Assume that you were representing Steve in the negotiation of the contract for the transaction
described in Problem 2. Based upon the date the building was originally constructed, you are fairly
certain that the building’s interior structure contains asbestos fire retardants that will have to be
removed if the building is renovated. What advice do you give to Steve about whether he should
disclose this information? What if he is asked a direct question about whether the building contains
asbestos? How would your answer change, if at all, if Steve knows that Pamela is planning an
immediate renovation of the building? Under these circumstances, would you (as Steve’s lawyer)
owe any duty to Pamela?
5.
In 2010, Jones bought a home from Davis. Before selling the home, Davis had provided
Jones with a Residential Real Estate Sales Disclosure form that disclosed no termite problems. After
taking possession, Jones discovered termite damage in one wall, and sued Davis for
misrepresentation, ultimately reaching a mediated settlement. In this process, Jones had the termite
damage treated by Orkin.
In 2015, Jones decided to sell the home, contacting Miller (a local broker) to list the home. Lewis
saw the listing, toured the home, and ultimately submitted an offer. Lewis received a copy of a
disclosure form, signed by Jones. The form included a question that stated: “Are you aware of any
termite problems with the home?” Jones answered this question: “No.” The form did not disclose
the previous termite damage to the home or the ensuing lawsuit with Davis.
Lewis completed the purchase. Six months later, Lewis discovered termite damage in the same wall,
which had not been satisfactorily resolved by Orkin’s 2010 treatment. Lewis then filed a lawsuit
against Jones for misrepresentation for failure to disclose the previous termite damage and the
lawsuit with Davis.

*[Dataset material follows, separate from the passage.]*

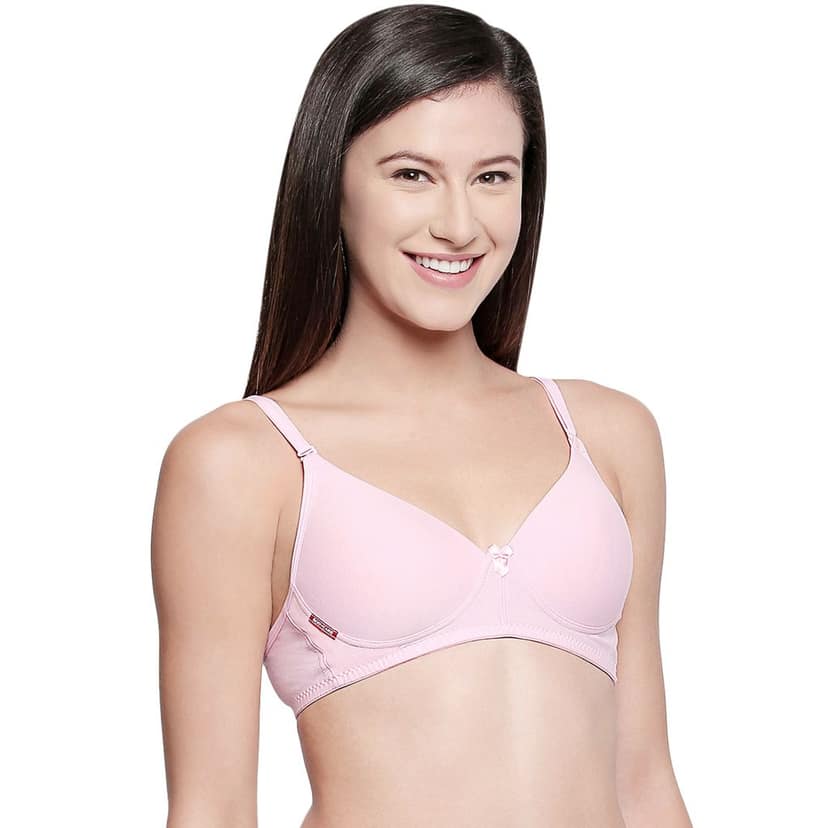 Bodycare Women Cotton Spandex Full Coverage Padded Pushup Bra Bra 6566-PI view 2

Should Lewis prevail? Why or why not? What additional information, if any,
would you want to discover? See, e.g., Ind. Code § 32-21-5-11.
6.
Smith is selling a home. Smith’s next-door neighbor has an 18-year old son who is a
member of the Young Aryan Nation and has been arrested on several occasions for involvement in
acts of racially-motivated violence. One block away, another of Smith’s neighbors is a registered
sex offender who was released two years ago following a lengthy prison term for sexual assault
involving a child. Must Smith disclose this information to prospective purchasers? Would it matter
if a particular prospective purchaser was an Orthodox Jew? A single mother with three daughters?
7.
As noted in footnote 1 of the Speight case (which appears on page 199), Missouri courts limit
the implied warranty of workmanlike construction to the original buyer of the home. If a defective
home is two years old, should it matter whether the plaintiff is the original buyer or someone to
whom the original buyer sold after only six months? What advice would you give to someone
buying a relatively new home from its original buyer (not the builder)?
8.
Suppose that the contract in Speight had contained the following language: “Builder
expressly warrants the home, as to materials and workmanship, for a period of 2 years, in lieu of any
other warranty, express or implied.” Would this have barred the plaintiff’s action? Why or why
not?
9.
Go back and look at the “Seller Disclosure and Buyer’s Inspection” and the alternative
warranty provisions (“Seller Warranties” and “No Warranties by Seller”) in the form contract on
pages 28-29. If you were representing a Seller, what changes would you think necessary to the form
to protect your client adequately? What if you were representing a Buyer?